Lettre adressée par Vrabec à son banquier:
Monsieur,
J’ai examiné votre prospectus en couleurs.
Oui, je suis désireux d’acquérir cette éclatante dentition, cette verte pelouse, ces superbes petits enfants bondissant sur mes genoux, et les confortables revenus qui me permettront d’occuper mon troisième âge à des tas de choses passionnantes (voyages, cadeaux).
Votre plan d’épargne retraite m’intéresse. Faites moi parvenir une documentation.
 vendredi 29 octobre 1999




Vrabec se souvient du temps où il était jeune, svelte et audacieux. A la tête d’une petite troupe d‘amis, il entreprenait de grandes randonnées ; marches épuisantes, escalades dangereuses, rien ne leur faisait peur. Ils allaient partout, connaissaient toutes les langues. Dans les hotels où ils se retrouvaient, leurs arrivées et leurs séjours faisaient de grands courants d’air, de vie et de gaité.
Vrabec sortait facilement son portefeuille pour régler des notes princières. D’où sortait cet argent ? Il ne s’en souvient plus. Il sait seulement que sa richesse lui paraissait inépuisable.
5 juin 2005



Avec l’âge.
L’ignorance consciente d’elle même est le commencement de la sagesse. La bêtise découle au contraire de la croyance qu’on sait. Vrabec est prompt à repérer cette croyance chez le jeune présomptueux. Il remarque moins facilement qu’elle  se développe chez lui sous d’autres formes. Il s’imagine bien comprendre ce qu’il voit et entend. Il pense avoir fait le tour des questions qui paraissent nouvelles aux yeux des plus jeunes. Il a l’illusion d’avoir perdu ses illusions. Le costume de vieux con est taillé dans ce tissu.
Certes Vrabec s’inquiète d’éprouver de plus en plus fréquemment  cette impression de déjà vu, mais pour une autre raison. Comment réduire l’écart toujours béant et douloureux entre de nobles aspirations et une réalité vécue de plus en plus banale ? Ne pouvant se rejoindre dans les hauteurs, Vrabec décide de se retrouver dans le traintrain quotidien.
Je suis allé voir là-bas si j’y suis, et j’y étais, conclut-il.
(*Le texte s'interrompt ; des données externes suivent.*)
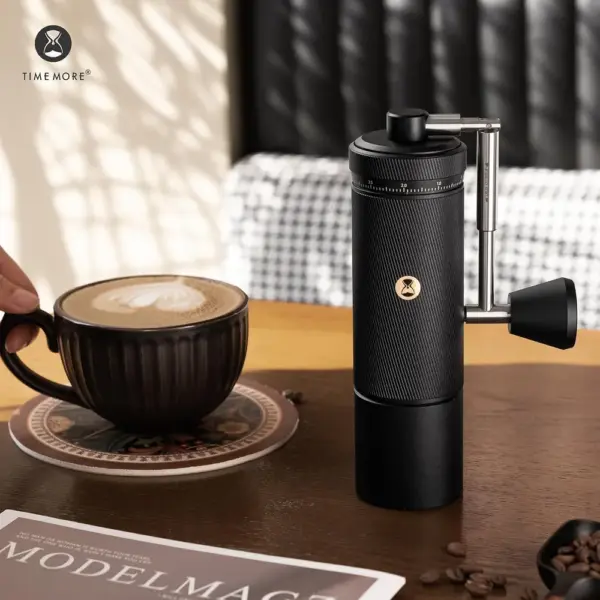 TIMEMORE S3 - Macinacaffè manuale con regolazione esterna — 2 TIMEMORE S3 - Macinacaffè manuale con regolazione esterna — 2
"J'ai attendu le train au buffet de la gare"
Afin que l'expérience vécue conserve toute sa substance, il faudrait ignorer le concept: attendre le prochain train au buffet de la gare  . Alors, le goût spécifique de l'ennui, la couleur du bar, le bruit de la tasse sur la soucoupe, la lecture des réclames et recommandations (sandwiches variés, n'engueulez pas le patron, la patronne s'en charge, les cigarettes se paient au comptant) constitueraient une pleine et dense tranche de vie. Mais ce n'est pas la première fois que Vrabec attend le train, et, au contenu réel de cette expérience vécue la veille au soir, il a déjà substitué le remplaçant commode, universel: j'ai attendu le train au buffet de la gare.  A la place d'un souvenir, il lui reste une phrase.
 Ainsi sa vie s'appauvrit.
 Vrabetz vieillissant, fort de ce qu'il croit  déjà connaître pour l'avoir vécu  passe de plus en plus vite à travers les heures et les jours.
octobre 1992




Tant d'années ont passé
Plus rien n'est pareil, et l'expérience, maintenant fréquente de retrouver un lieu tellement modifié - par de nouvelles constructions, par le percement de nouveaux chemins et l'oblitération d'anciens passages - qu'il ne lui reste plus que son nom, signale à l'homme son vieillissement et l'énormité de la masse de ses souvenirs et leur non-conformité avec le monde réel.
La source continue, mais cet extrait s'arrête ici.